From UNC-Chapel Hill professor Andrew Reynolds' New Statesman article on the 2015 UK election:
The Conservatives put up more openly gay candidates than any other party: 39 men and three women. Of their 13 out MPs at dissolution, 12 stood for re-election and only one lost (Eric Ollerenshaw in Lancaster and Fleetwood) but his loss was made up for by the election of Ben Howlett in Bath. Howlett overcame a huge Liberal Democrat majority and was one of the sparkling Tory victories of the evening. A quick analysis of the 50 races where there were competitive LGBT candidates shows that Tory LGBT candidates performed considerably better than their straight colleagues. 72 per cent of them had larger vote share increases than the national trend, and on average their gains were three times the Tory average.

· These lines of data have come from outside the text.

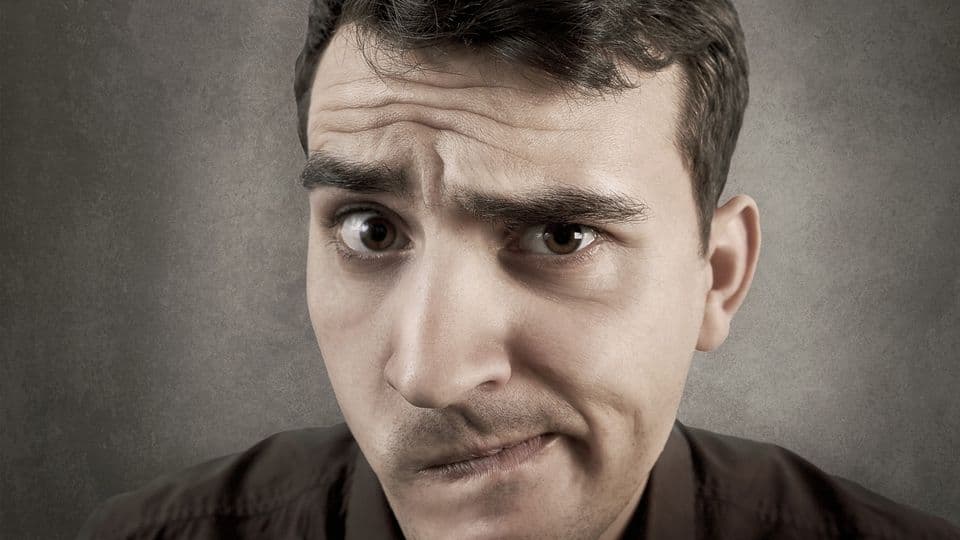 Unentschiedener junger Mann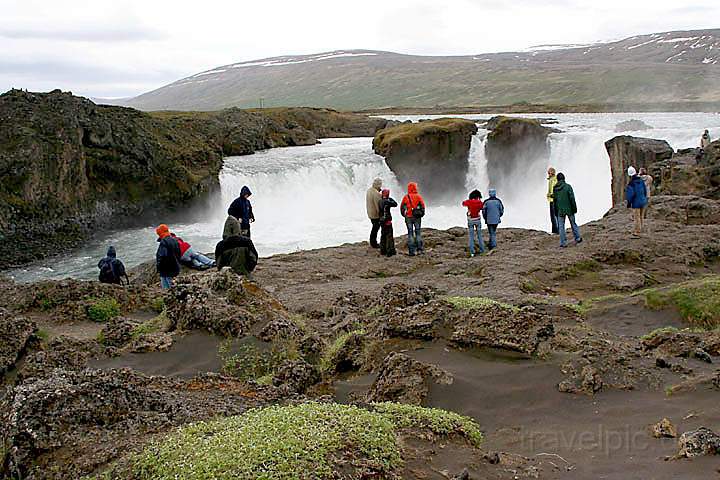 eu_island_007.jpg - Godafoss - Wasserfall der Götter - im Norden von Island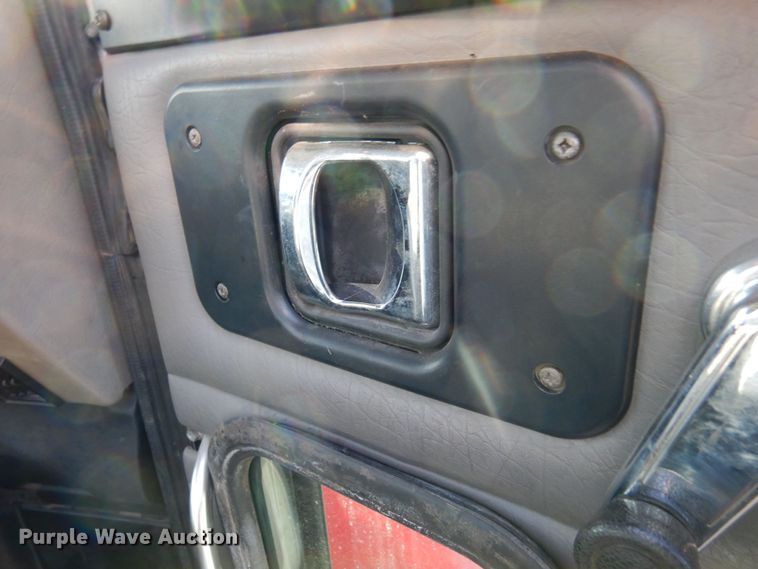 image for item MH9249 2006 Peterbilt 335  hook lift truck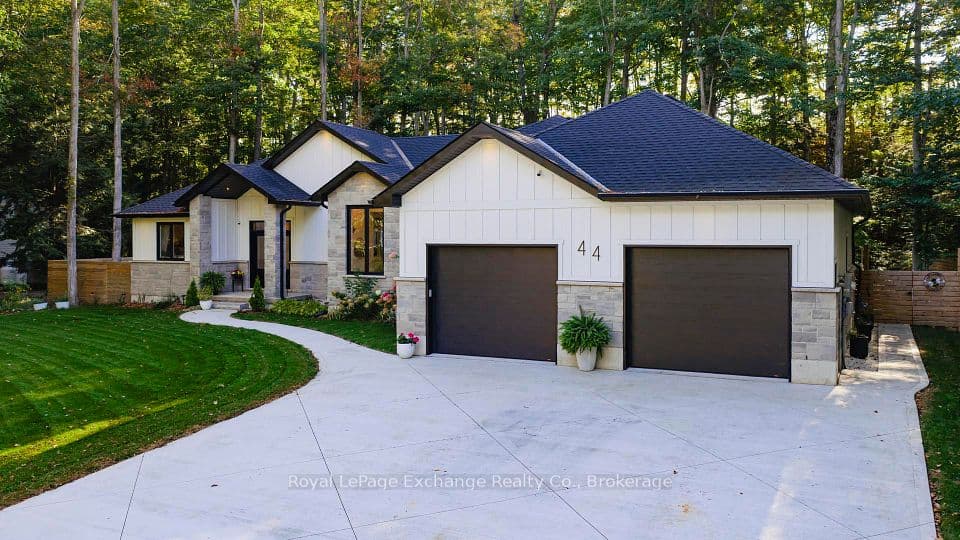 44 Blairs Trail N, Huron-Kinloss, ON N2Z 0B3 – main photo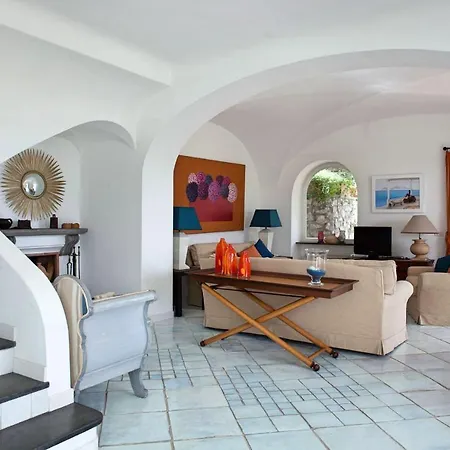 Sleeps 13 Pool Air Con Wifi Capri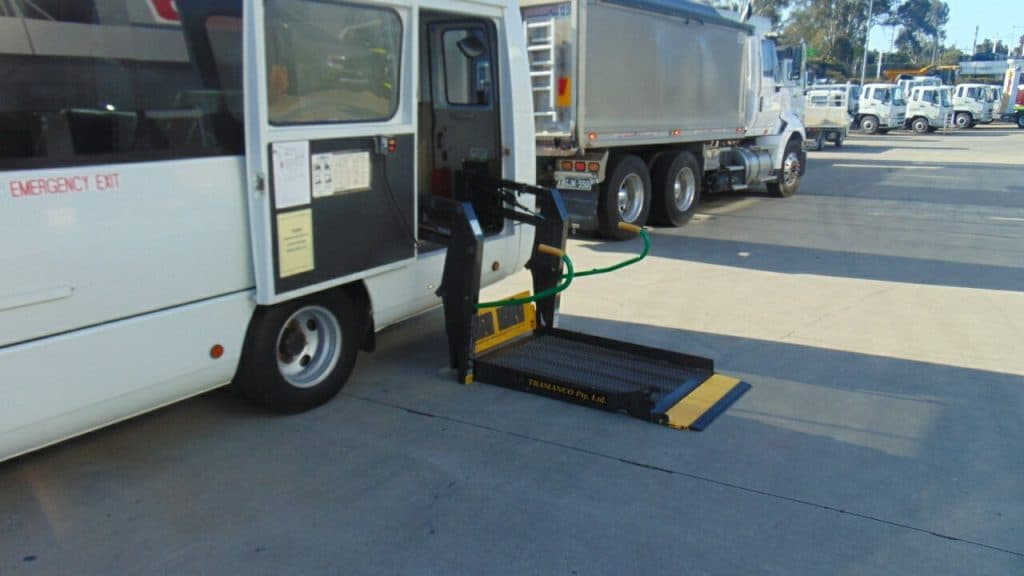 2004 Used Fuso Rosa Bus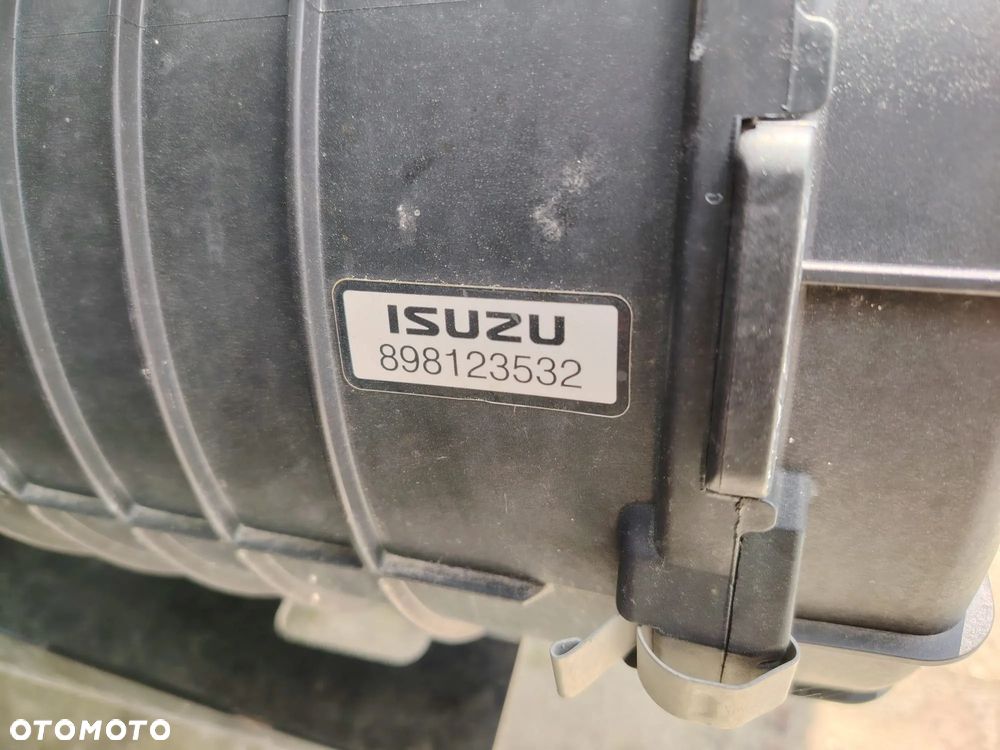 obudow fitra powietrza isuzu NPR 5,2 23r 898123532 - 1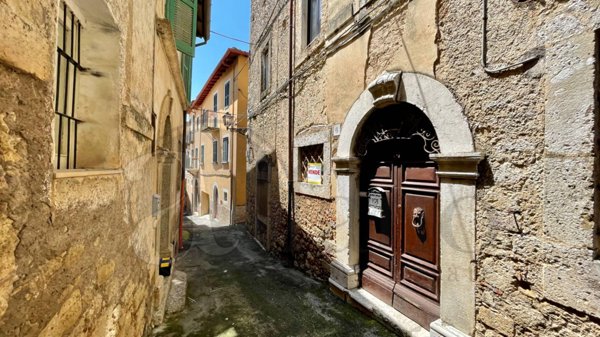 casa indipendente in vendita ad Arpino
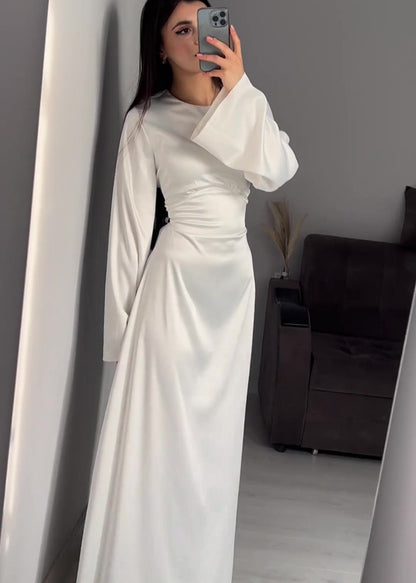 Polished Dress with an Effortless Classic Look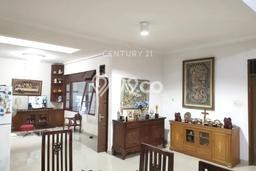 Ready to Use! Premium House LT 210m2 Desain Elegan di Semanan Ready to Use! Premium House LT 210m2 Desain Elegan di Semanan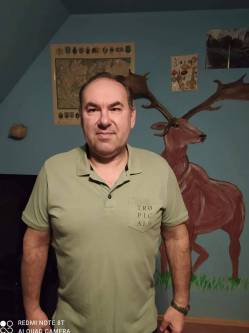 G�bor, 59 �ves t�rskeres� f�rfi, Eger�g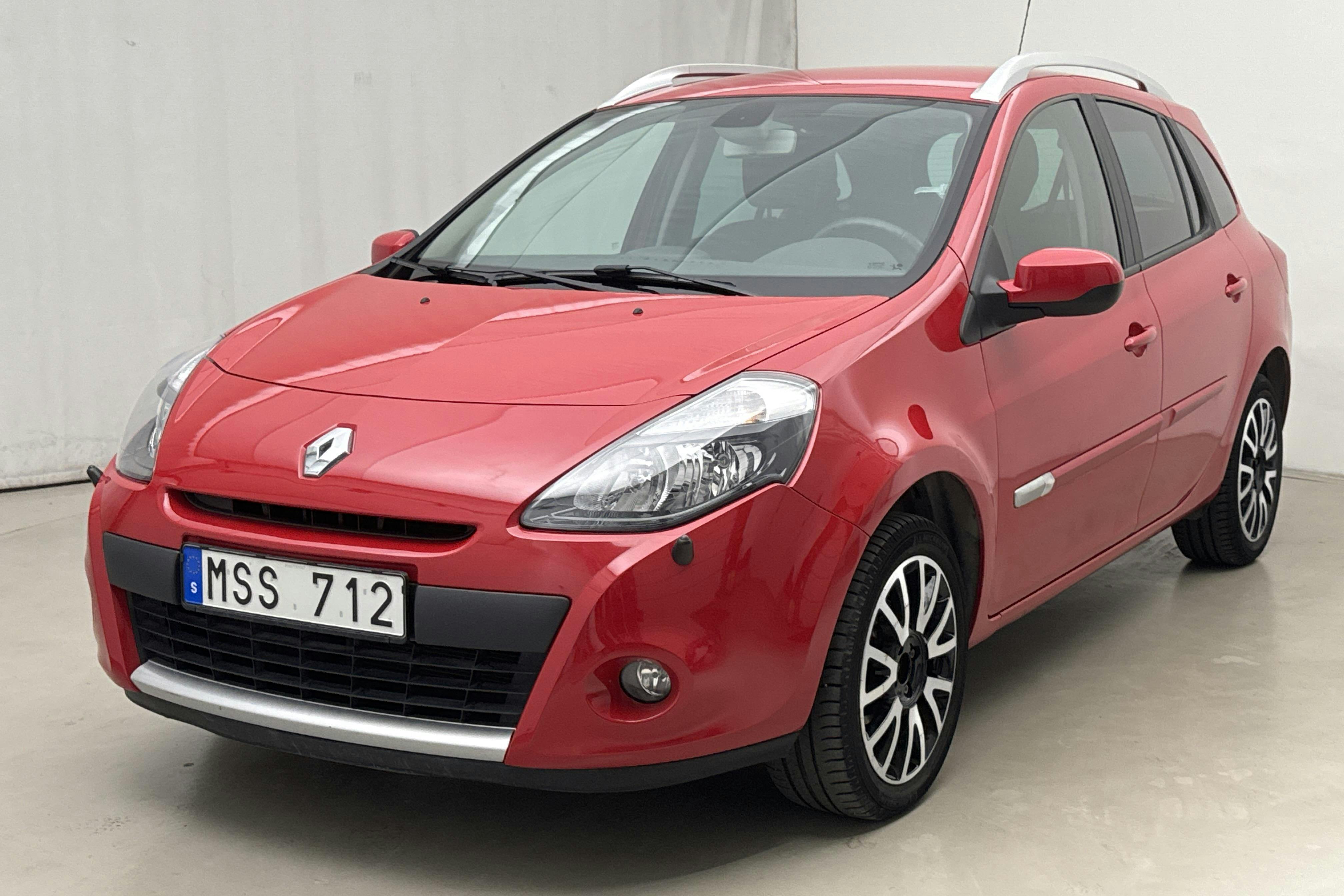 Renault Clio III 1.6 Sport Tourer (112hk) - 3 862 mil - Automat - röd - 2012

This is fascinating from an American standpoint: US conservatives go on all the time about Margaret Thatcher and spurned busts of Winston Churchill and how the Tories can show us a thing or two about economics. But I haven't been able to find anything, in all the US conservative commentary on Cameron's triumph, about why Americans on the right continue to find gays a more useful punching bag than ally.
*The newly-appointed Equalities Minister, who was one of 128 Tory MPs to oppose marriage equality, has suddenly discovered she is all in for it.